## Prompt:
Write down, unchanged, the entries from the first line through the line holding "Ocean Blue Love". Include no other line.

(Short text fragments from websites)
-*-
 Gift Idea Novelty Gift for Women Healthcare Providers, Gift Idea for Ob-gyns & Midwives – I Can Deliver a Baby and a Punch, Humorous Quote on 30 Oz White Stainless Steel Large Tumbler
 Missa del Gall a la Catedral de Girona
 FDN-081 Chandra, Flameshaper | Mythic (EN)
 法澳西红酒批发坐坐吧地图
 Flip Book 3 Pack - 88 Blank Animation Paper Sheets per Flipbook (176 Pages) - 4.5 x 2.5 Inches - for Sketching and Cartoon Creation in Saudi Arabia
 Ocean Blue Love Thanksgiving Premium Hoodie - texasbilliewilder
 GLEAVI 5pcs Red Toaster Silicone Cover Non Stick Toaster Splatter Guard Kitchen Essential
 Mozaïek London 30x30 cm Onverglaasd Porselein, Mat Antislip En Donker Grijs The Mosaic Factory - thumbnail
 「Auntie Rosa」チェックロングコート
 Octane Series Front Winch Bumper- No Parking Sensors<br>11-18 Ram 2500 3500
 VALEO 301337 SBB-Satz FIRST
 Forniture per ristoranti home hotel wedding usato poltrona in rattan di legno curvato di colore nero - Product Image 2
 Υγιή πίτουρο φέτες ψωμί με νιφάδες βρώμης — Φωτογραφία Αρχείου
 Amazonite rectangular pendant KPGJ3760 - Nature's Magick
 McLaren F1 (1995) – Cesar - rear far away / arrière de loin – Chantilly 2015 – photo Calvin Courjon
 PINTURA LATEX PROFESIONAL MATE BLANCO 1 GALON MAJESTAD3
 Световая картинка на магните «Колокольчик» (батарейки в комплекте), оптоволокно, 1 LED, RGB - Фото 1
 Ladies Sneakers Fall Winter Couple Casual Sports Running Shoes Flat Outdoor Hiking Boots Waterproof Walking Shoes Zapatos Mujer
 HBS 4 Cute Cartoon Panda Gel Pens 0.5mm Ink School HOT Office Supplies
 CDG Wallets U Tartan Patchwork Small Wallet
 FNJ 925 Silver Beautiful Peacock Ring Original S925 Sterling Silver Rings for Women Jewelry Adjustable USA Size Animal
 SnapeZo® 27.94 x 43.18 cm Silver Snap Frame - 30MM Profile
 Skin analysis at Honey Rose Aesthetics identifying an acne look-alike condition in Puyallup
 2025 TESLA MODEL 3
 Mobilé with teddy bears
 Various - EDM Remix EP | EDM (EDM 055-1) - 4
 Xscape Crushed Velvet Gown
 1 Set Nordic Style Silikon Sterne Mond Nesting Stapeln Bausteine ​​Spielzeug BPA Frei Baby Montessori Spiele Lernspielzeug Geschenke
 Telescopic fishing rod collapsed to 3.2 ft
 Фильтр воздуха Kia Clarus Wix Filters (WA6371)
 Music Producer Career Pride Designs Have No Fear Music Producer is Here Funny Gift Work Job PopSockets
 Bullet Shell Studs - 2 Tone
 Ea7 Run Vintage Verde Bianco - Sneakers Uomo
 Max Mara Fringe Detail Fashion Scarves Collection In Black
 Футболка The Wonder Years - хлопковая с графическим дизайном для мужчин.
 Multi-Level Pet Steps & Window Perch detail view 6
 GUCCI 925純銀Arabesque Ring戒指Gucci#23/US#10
-*-
## Task answer:
 Gift Idea Novelty Gift for Women Healthcare Providers, Gift Idea for Ob-gyns & Midwives – I Can Deliver a Baby and a Punch, Humorous Quote on 30 Oz White Stainless Steel Large Tumbler
 Missa del Gall a la Catedral de Girona
 FDN-081 Chandra, Flameshaper | Mythic (EN)
 法澳西红酒批发坐坐吧地图
 Flip Book 3 Pack - 88 Blank Animation Paper Sheets per Flipbook (176 Pages) - 4.5 x 2.5 Inches - for Sketching and Cartoon Creation in Saudi Arabia
 Ocean Blue Love Thanksgiving Premium Hoodie - texasbilliewilder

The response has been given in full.